*Exercise goal*:
Copy each record exactly and skip its pictures.

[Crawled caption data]
'''
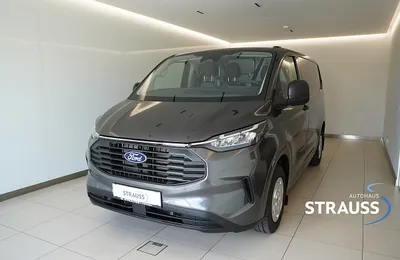 Ford Transit Custom Kasten 2,0 EcoBlue L1H1 320 Tren... Transporter / Kastenwagen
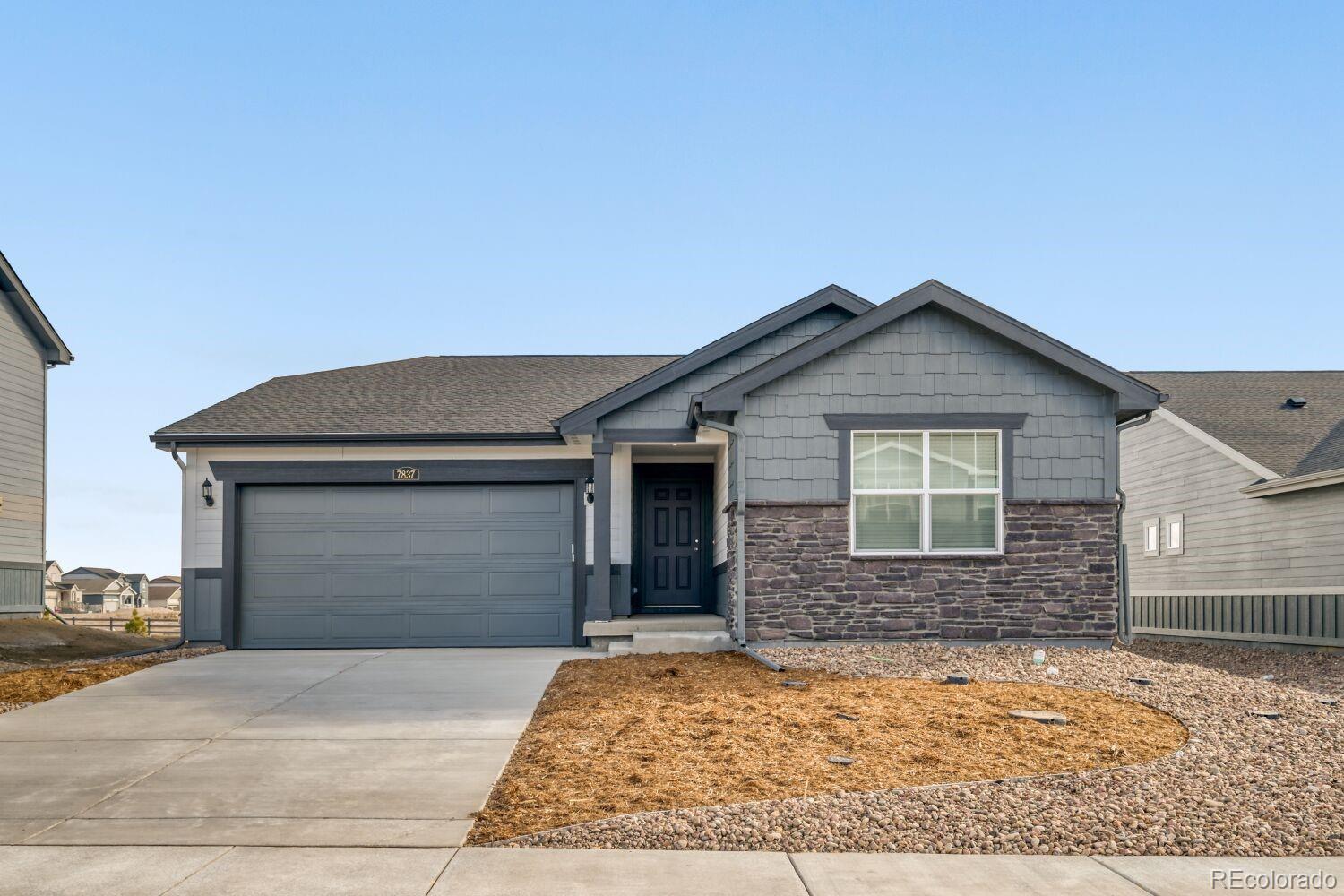 7837 Desert Wrangler Drive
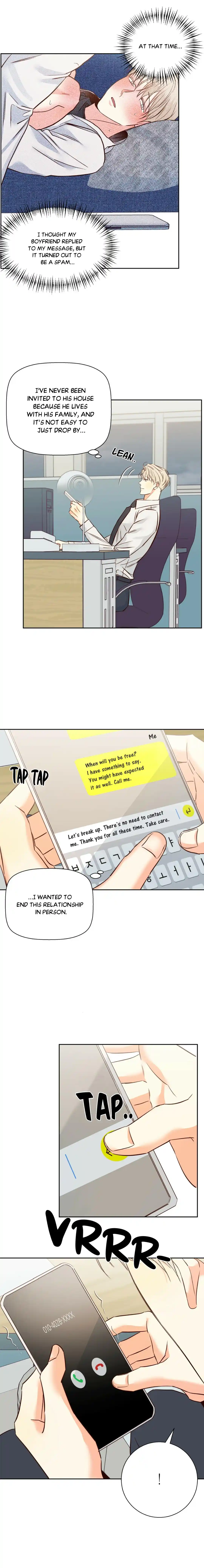 Dangerous Convenience Store Chapter 71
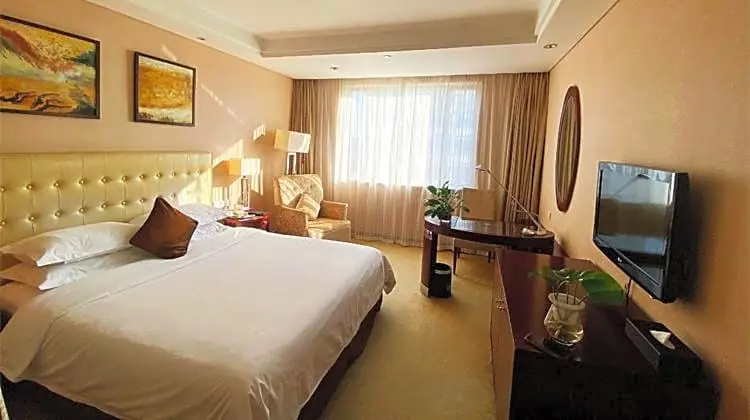 Maison New Century Hotel Ningbo - Chambres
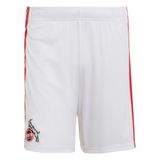 ADIDAS PERFORMANCE Sportbroek '1. FC Köln 26/27' rood / zwart / wit
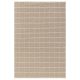 Wool Rug Gyda Taupe 120x170 cm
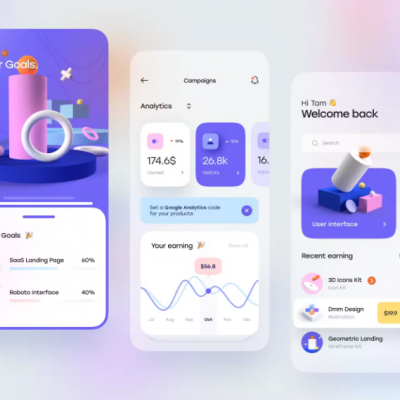 Online Hospital Management Mobile Application Design | Best Mobile App Mobile Development Services App By Kws Development photo-2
'''
*Your response*:
 Ford Transit Custom Kasten 2,0 EcoBlue L1H1 320 Tren... Transporter / Kastenwagen
 7837 Desert Wrangler Drive
 Dangerous Convenience Store Chapter 71
 Maison New Century Hotel Ningbo - Chambres
 ADIDAS PERFORMANCE Sportbroek '1. FC Köln 26/27' rood / zwart / wit
 Wool Rug Gyda Taupe 120x170 cm
 Online Hospital Management Mobile Application Design | Best Mobile App Mobile Development Services App By Kws Development photo-2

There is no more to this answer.